■ How to complete this task:
Scan the entries for "цветочным". Every line that holds it is to be copied.

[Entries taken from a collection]
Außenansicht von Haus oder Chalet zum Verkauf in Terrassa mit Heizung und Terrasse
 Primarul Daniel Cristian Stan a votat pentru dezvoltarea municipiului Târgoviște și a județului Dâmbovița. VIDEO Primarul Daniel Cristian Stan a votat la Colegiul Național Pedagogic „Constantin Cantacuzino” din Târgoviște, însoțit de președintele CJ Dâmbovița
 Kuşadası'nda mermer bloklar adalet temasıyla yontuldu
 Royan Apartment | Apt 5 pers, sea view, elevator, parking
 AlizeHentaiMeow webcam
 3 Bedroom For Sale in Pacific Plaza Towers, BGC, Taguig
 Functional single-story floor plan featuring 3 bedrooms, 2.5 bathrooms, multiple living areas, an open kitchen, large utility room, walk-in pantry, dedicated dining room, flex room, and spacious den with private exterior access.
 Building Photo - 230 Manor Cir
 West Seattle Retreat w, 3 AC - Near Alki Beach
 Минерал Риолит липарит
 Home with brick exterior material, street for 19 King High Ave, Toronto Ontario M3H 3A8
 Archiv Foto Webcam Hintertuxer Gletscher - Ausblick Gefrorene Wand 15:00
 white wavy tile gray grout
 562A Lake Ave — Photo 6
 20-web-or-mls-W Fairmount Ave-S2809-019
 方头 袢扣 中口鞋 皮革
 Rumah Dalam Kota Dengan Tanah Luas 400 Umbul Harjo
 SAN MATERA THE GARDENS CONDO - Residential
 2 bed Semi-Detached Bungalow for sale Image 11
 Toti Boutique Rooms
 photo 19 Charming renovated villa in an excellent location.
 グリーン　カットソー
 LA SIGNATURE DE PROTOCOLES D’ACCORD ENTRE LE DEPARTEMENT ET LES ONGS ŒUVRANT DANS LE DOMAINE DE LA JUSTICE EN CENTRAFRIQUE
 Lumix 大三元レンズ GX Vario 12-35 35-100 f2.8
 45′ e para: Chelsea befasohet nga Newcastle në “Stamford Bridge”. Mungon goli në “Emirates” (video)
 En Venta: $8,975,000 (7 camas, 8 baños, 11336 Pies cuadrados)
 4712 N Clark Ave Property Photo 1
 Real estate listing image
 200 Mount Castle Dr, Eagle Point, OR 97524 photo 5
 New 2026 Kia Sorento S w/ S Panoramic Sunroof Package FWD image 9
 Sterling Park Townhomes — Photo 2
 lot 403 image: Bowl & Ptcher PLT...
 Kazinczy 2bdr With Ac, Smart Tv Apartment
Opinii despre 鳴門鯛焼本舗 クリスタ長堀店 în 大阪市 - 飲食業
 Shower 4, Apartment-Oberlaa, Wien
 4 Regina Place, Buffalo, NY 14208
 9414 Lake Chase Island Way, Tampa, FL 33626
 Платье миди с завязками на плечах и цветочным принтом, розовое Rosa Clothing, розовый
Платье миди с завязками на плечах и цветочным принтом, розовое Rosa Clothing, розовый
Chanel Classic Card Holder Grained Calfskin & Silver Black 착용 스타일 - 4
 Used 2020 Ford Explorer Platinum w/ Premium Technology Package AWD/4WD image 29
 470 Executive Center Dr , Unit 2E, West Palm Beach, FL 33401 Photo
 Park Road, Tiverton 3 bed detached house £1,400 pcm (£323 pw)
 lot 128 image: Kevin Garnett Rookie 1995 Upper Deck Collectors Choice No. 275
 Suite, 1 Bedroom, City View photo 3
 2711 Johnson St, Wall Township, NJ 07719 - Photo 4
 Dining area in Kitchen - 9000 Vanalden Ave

■ Finished exercise:
 Платье миди с завязками на плечах и цветочным принтом, розовое Rosa Clothing, розовый
Платье миди с завязками на плечах и цветочным принтом, розовое Rosa Clothing, розовый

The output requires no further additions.